No, i very specifically meant +-12 months

Say first_use_dt is in the past:


ops$tkyte@ORA10G> select months_between( sysdate, to_date('01-aug-2004'))
  2  from dual;
 
MONTHS_BETWEEN(SYSDATE,TO_DATE('01-AUG-2004'))
----------------------------------------------
                                    1.75294616

<b>months between is +1.7, say it is in the future:</b>
 

ops$tkyte@ORA10G> 1
  1* select months_between( sysdate, to_date('01-aug-2004'))
ops$tkyte@ORA10G> c/aug/nov
  1* select months_between( sysdate, to_date('01-nov-2004'))
ops$tkyte@ORA10G> /
 
MONTHS_BETWEEN(SYSDATE,TO_DATE('01-NOV-2004'))
----------------------------------------------
                                    -1.2470482
 
<b>it is negative == but you have ABS() wrapped about it -- so it is +1.2</b>


your query asked for things +/- 12 months from sysdate, i was just duplicating that. 

If a little out of date

Tim Scott, July 14, 2017 - 10:51 am UTC

The answer refers to a bug that's still open with 8.1.7.
I created a more convoluted index in 11.2 and 12.1 perfectly fine, but when trying to import that index into 12.2, I got this "pure function" error...

The index was on:
"SOMEBIGTABLE" (UPPER(RTRIM( REGEXP_REPLACE (SUBSTR("VARCHAR2_700_COL",NVL("NUMBER_SINGLE_DIGIT_COL",0)+1),'[[:punct:]]',''))))
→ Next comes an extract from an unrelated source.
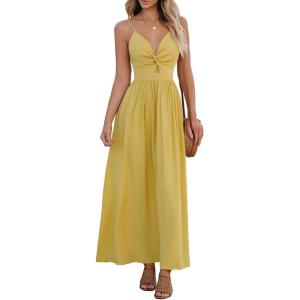 CUPSHE Women Casual Dress Beach Sleeveless V Neck Summer Cutout Spaghetti Straps Formal Maxi Sun Dresses(Yellow)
SOMEBIGTABLE has 373 columns and (being a dev system) only 3,321 rows.

(Yes, I know that looks really odd: the VARCHAR2_700_COL contains book titles, e.g. "The Hobbit"; the NUMBER_SINGLE_DIGIT_COL contains a number of letters to ignore when sorting so that "The Hobbit" sorts with the Hs, not with the Ts. Sometimes the title is, e.g., 'The "Hobbit"', hence the ignoring of punctuation)
Connor McDonald
July 25, 2017 - 7:07 am UTC

That is actually the reverse situation.

REGEXP_REPLACE is not deterministic, so it was a bug in 11g to allow it.